# About this task
The response must consist of the lines below from the one with "Un incendie s’est" through the one with "Dmytro Riznyk eFootball", exactly as they appear and with both ends kept.
___ Records provided ___
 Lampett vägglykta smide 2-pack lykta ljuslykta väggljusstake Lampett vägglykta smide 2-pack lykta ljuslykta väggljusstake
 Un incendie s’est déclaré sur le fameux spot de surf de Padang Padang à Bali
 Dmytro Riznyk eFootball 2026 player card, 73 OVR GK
___
___ Records provided ___
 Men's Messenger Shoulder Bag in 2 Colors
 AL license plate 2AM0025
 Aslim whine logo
___
# Response to this task
 Un incendie s’est déclaré sur le fameux spot de surf de Padang Padang à Bali
 Dmytro Riznyk eFootball 2026 player card, 73 OVR GK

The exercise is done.